Saturday, June 15, 2024

Estimated-tax-penalties balloon by four times in 2023 due to higher interest rates and a greedy, lazy IRS which just got tens of billions in new funding from Joe Biden but can't get its software updated

 The average estimated-tax penalty in fiscal-year 2023 climbed to about $500 from about $150 in 2022, according to Internal Revenue Service data. Meanwhile the number of affected tax filers rose to 14 million from 12 million. Overall, the agency assessed $7 billion in estimated-tax penalties in 2023, nearly four times the $1.8 billion it assessed in 2022. ...

Filers who don’t pay in enough tax throughout the year owe a penalty in the form of an interest charge on their underpayment that’s set quarterly. In 2021, the year that prompted most of the 2022 assessments, the IRS’s rate on underpayments was a rock-bottom 3%. The penalty is based on the short-term Treasury rate plus three points, and it climbed to 6% as rates rose in 2022. That pushed up charges on underpayments assessed the next year.

In 2023 the rate rose to 8% for the fourth quarter. It’s still there–so underpayment penalties will continue to sting taxpayers who owe them. ...
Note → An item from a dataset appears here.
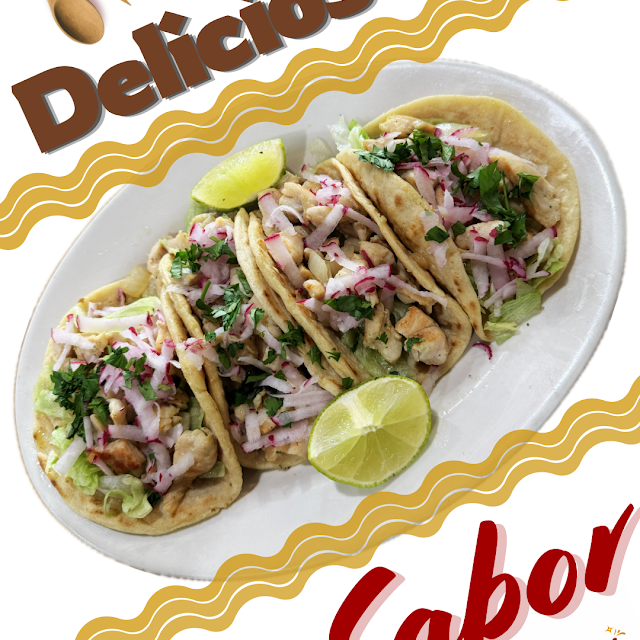 Tacos de Bistek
The IRS’s computers can impose undeserved penalties on some estimated-tax filers, because they automatically treat income as though it’s earned equally throughout the year. So if a filer does a fourth-quarter Roth IRA conversion and pays tax on it at that time, the system will assume the income was earned all through the year but the tax was only paid in the fourth quarter.